Embedder
thoth.shared.embedder
¶
Embedder module for generating document embeddings.
This module provides the Embedder class for generating embeddings from text chunks using sentence-transformers models with batch processing support.
logger = setup_logger(__name__)
module-attribute
¶
Embedder
¶
Generate embeddings from text using sentence-transformers.

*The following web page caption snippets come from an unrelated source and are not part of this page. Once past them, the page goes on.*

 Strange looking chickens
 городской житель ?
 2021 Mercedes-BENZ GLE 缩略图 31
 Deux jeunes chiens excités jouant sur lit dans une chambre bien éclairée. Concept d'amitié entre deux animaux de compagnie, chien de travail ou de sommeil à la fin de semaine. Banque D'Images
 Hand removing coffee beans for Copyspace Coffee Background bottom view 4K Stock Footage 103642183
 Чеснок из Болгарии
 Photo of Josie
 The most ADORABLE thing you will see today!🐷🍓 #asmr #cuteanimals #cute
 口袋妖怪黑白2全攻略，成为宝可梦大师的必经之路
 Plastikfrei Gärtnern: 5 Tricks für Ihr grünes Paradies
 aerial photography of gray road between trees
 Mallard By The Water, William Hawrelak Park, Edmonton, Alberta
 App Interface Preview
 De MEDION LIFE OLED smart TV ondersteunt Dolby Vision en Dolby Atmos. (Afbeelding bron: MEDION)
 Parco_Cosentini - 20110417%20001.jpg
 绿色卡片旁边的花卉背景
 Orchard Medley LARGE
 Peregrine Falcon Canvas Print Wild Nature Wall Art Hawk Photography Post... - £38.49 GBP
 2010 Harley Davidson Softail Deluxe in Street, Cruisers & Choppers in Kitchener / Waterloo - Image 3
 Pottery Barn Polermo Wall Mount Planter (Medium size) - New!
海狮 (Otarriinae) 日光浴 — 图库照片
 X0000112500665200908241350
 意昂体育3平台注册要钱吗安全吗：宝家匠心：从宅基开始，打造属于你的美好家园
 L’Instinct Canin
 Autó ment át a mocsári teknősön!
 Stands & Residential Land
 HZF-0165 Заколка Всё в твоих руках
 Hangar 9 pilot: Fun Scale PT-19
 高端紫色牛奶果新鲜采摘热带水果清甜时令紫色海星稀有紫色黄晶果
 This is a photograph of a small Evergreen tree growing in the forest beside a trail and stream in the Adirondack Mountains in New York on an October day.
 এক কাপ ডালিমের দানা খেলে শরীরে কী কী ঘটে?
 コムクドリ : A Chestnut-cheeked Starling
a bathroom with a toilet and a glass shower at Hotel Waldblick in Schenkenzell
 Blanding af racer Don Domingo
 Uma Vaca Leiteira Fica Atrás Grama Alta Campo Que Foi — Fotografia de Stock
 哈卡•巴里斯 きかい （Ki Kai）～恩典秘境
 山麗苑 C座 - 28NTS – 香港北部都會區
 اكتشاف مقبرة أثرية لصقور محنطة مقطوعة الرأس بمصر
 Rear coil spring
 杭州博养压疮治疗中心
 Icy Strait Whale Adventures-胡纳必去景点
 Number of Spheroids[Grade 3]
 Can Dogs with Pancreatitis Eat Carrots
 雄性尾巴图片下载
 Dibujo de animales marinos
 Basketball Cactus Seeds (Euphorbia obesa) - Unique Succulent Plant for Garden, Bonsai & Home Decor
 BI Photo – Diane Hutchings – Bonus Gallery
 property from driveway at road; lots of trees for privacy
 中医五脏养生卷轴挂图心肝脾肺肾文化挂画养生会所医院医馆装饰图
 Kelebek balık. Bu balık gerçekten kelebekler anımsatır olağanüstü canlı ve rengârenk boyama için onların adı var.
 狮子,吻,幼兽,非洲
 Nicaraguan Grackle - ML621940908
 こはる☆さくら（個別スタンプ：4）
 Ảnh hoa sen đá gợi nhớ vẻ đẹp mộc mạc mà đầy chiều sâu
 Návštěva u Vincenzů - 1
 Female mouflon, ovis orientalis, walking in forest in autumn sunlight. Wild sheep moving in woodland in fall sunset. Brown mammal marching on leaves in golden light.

Supports batch processing with progress tracking for efficient embedding generation.
model_name = model_name
instance-attribute
¶
batch_size = batch_size
instance-attribute
¶
logger = logger_instance or logger
instance-attribute
¶
model = SentenceTransformer(model_name, device=device)
instance-attribute
¶
__init__(model_name: str = 'all-MiniLM-L6-v2', device: str | None = None, batch_size: int = 32, logger_instance: logging.Logger | logging.LoggerAdapter | None = None)
¶
Initialize the Embedder with a sentence-transformers model.
Parameters:
| Name | Type | Description | Default |
|---|---|---|---|
model_name
|
str
|
Name of the sentence-transformers model to use. Default is 'all-MiniLM-L6-v2' for a good balance of speed and quality. Other options: 'all-mpnet-base-v2' (higher quality, slower). |
'all-MiniLM-L6-v2'
|
device
|
str | None
|
Device to use for inference ('cuda', 'cpu', or None for auto-detect). |
None
|
batch_size
|
int
|
Number of texts to process in each batch (default: 32). |
32
|
logger_instance
|
Logger | LoggerAdapter | None
|
Optional logger instance to use. |
None
|
embed(texts: list[str], show_progress: bool = False, normalize: bool = True) -> list[list[float]]
¶
Generate embeddings for a list of texts.
Parameters:
| Name | Type | Description | Default |
|---|---|---|---|
texts
|
list[str]
|
List of text strings to embed. |
required |
show_progress
|
bool
|
Whether to show a progress bar during batch processing. |
False
|
normalize
|
bool
|
Whether to normalize embeddings to unit length (default: True). Normalized embeddings work better with cosine similarity. |
True
|
Returns:
| Type | Description |
|---|---|
list[list[float]]
|
List of embedding vectors, where each vector is a list of floats. |
Raises:
| Type | Description |
|---|---|
ValueError
|
If texts list is empty or contains empty/whitespace-only strings. |
embed_single(text: str, normalize: bool = True) -> list[float]
¶
Generate embedding for a single text.
Parameters:
| Name | Type | Description | Default |
|---|---|---|---|
text
|
str
|
Text string to embed. |
required |
normalize
|
bool
|
Whether to normalize embedding to unit length (default: True). |
True
|
Returns:
| Type | Description |
|---|---|
list[float]
|
Embedding vector as a list of floats. |
Raises:
| Type | Description |
|---|---|
ValueError
|
If text is empty. |
get_embedding_dimension() -> int
¶
Get the dimension of embeddings produced by this model.
Returns:
| Type | Description |
|---|---|
int
|
Integer dimension of the embedding vectors. |
get_model_info() -> dict[str, Any]
¶
Get information about the loaded model.
Returns:
| Type | Description |
|---|---|
dict[str, Any]
|
Dictionary containing model metadata: - model_name: Name of the model - embedding_dimension: Dimension of embeddings - max_seq_length: Maximum sequence length the model can handle - device: Device the model is running on - batch_size: Configured batch size for processing |